But even though we can’t prove it, we can easily test computationally that you end up at 1 for any given number. So let’s write a program that tests it for some number \(n\), saving the somewhat random-seeming sequence of numbers you get starting from \(n\), and stops when it gets to 1.

4.1 Tips for coding

Here are a few tips for coding:

Write it out in English first as best you can.
Use lots of comments so it will be readable by you and others.
Indent contents within curly brackets; RStudio does this automatically.
Always include the closing parenthesis or bracket before filling in the contents so you don’t forget; RStudio helps with this too.
Check that each step of your program works before going to the next. Sometimes this requires writing temporary code (eg, printing out each step) that you erase later, just to make sure eveything is working.
It’s often easiest to do the easy stuff first and the hard stuff later, even if the hard stuff comes earlier in your program; you can often leave out the hard stuff or use a place-holder while you work on the easier things.
After you are done and it seems to work, try to stress-test it a bit by giving it unexpected inputs just to test it out. But for casual scripts, you don’t have make it robust to other users who might deliberately try to break it (eg, by feeding a numeric function a string or something else that’s problematic).
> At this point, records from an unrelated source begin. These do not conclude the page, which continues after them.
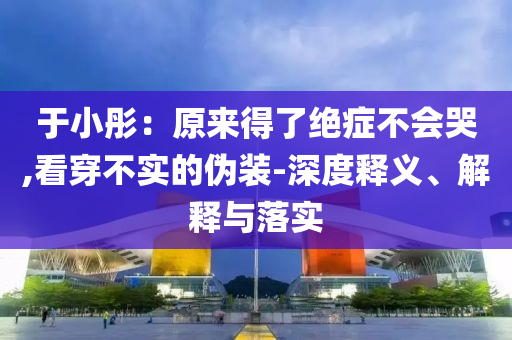 于小彤：原來(lái)得了絕癥不會(huì)哭,看穿不實(shí)的偽裝-深度釋義、解釋與落實(shí)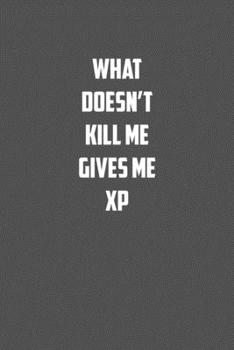 Paperback what doesn&#65533;t kill me gives me Xp: 6x9 Journal Grey with White Text Book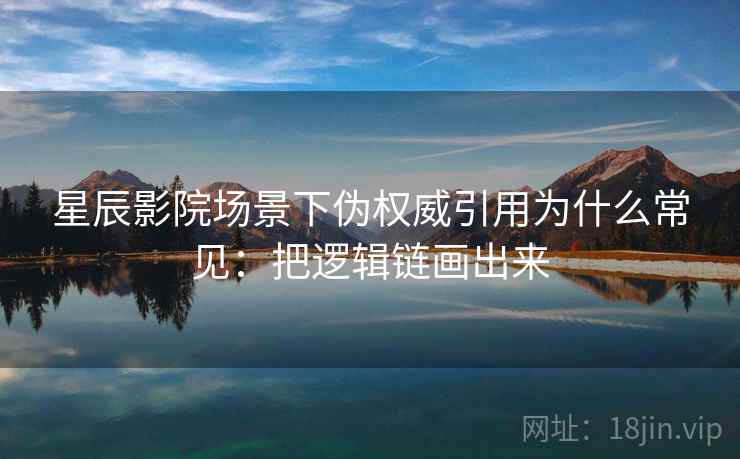 星辰影院场景下伪权威引用为什么常见:把逻辑链画出来 星辰影院场景下伪权威引用为什么常见:把逻辑链画出来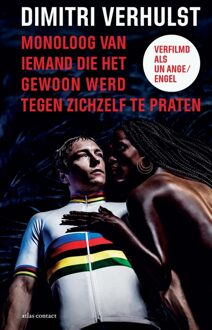 Atlas Contact Monoloog van iemand die het gewoon werd tegen zichzelf te praten - eBook Dimitri Verhulst (9025439705)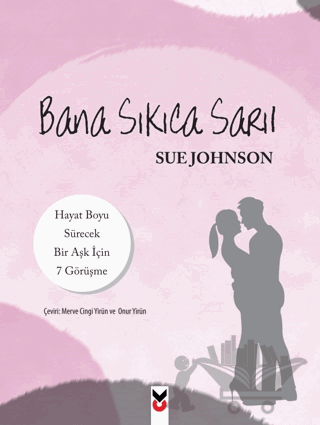 Bana Sıkıca Sarıl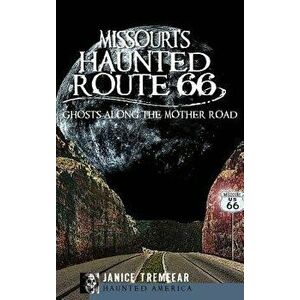 Missouri's Haunted Route 66: Ghosts Along the Mother Road, Hardcover - Janice Tremeear imagine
4.2 Start in English, then translate to R

So how do we do this? The best way to start is in English, with numbered steps. We’ll write out in comments in R what we want our program to do, in as much detail as we can manage, and then later we’ll translate each bit of English into R code, as best we can.

So we want a program that takes some \(n\), does the Collatz algorithm on it repeatedly, saves each number along the way, and stops when it gets to 1, and returns the sequence of numbers.
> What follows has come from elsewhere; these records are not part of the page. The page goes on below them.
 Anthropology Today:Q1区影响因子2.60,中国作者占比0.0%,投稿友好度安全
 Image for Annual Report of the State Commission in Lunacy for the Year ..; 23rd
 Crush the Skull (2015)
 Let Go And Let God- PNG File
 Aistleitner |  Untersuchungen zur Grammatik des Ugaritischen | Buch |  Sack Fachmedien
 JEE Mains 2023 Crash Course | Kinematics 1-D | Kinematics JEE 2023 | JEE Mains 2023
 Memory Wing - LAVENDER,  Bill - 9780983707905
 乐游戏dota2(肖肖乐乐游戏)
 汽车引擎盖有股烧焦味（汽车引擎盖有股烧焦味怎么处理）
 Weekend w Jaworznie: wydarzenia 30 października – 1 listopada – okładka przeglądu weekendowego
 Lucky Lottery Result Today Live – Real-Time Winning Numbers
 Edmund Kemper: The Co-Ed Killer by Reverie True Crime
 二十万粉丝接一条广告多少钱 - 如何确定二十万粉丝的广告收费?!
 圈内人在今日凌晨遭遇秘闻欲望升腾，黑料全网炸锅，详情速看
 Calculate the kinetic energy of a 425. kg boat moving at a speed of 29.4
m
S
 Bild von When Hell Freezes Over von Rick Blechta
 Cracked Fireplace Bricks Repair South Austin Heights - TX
# 1. Take some n as an input
# 2a. If it is even, halve it
# 2b. If it is odd, triple it and add 1
# 3. Repeat 2 over and over, saving each number along the way
# 4. If the current number is 1, stop
# 5. If we've done this, say, 10,000 times and never got to 1, stop and say we gave up

To do part 1, we clearly want a function that operates on some input \(n\), and so we wrap everything inside a function, putting the close-bracket at the end. We’ll preserve all the comments and keep them above each part of the code as best we can. Note how we indent the comments, as we will for all the content inside a curly bracket.

# 1. Take some n as an input
collatzf <- function(n){

  # 2a. If it is even, halve it
  # 2b. If it is odd, triple it and add 1
  # 3. Repeat 2 over and over, saving each number along the way
  # 4. If the current number is 1, stop

}

For step 2, we clearly need an if statement. We know how to measure even and odd using the %% modulo function, where x %% y gives the remainder from dividing \(x\) by \(y\). So depending on whether it is even or odd, we create a new \(n\) that is the transformation of the original \(n\). Notice how we reuse the same variable \(n\), replacing the original value of \(n\) with the new value; this is a very common approach in programming, to repeated replace the vale of the same variable as the program runs so that we don’t have to create something new for each step.

# 1. Take some n as an input
collatzf <- function(n){
  
  # 2a. If it is even, halve it
  # 2b. If it is odd, triple it and add 1
  if(n %% 2 == 0){
    n <- n/2
  }else{
    n <- 3*n + 1
  }
  
  # 3. Repeat 2 over and over, saving each number along the way
  # 4. If the current number is 1, stop

}

Ok, now we need some loop that keeps repeating the process in 2, and also saves each value of \(n\) along the way. This actually wraps around the step in 2, so we’ll have to shuffle things a bit. First let’s create a vector at the top of the function to store our list of \(n\) values, which we will update for each repetition by gluing onto the end each new number. Note how we create a vector with just the initial \(n\) to begin, and then build it up by using c() to paste a new number onto the end of the vector. This too is a common trick when writing scripts where you don’t necessarily know how long it will run before it ends.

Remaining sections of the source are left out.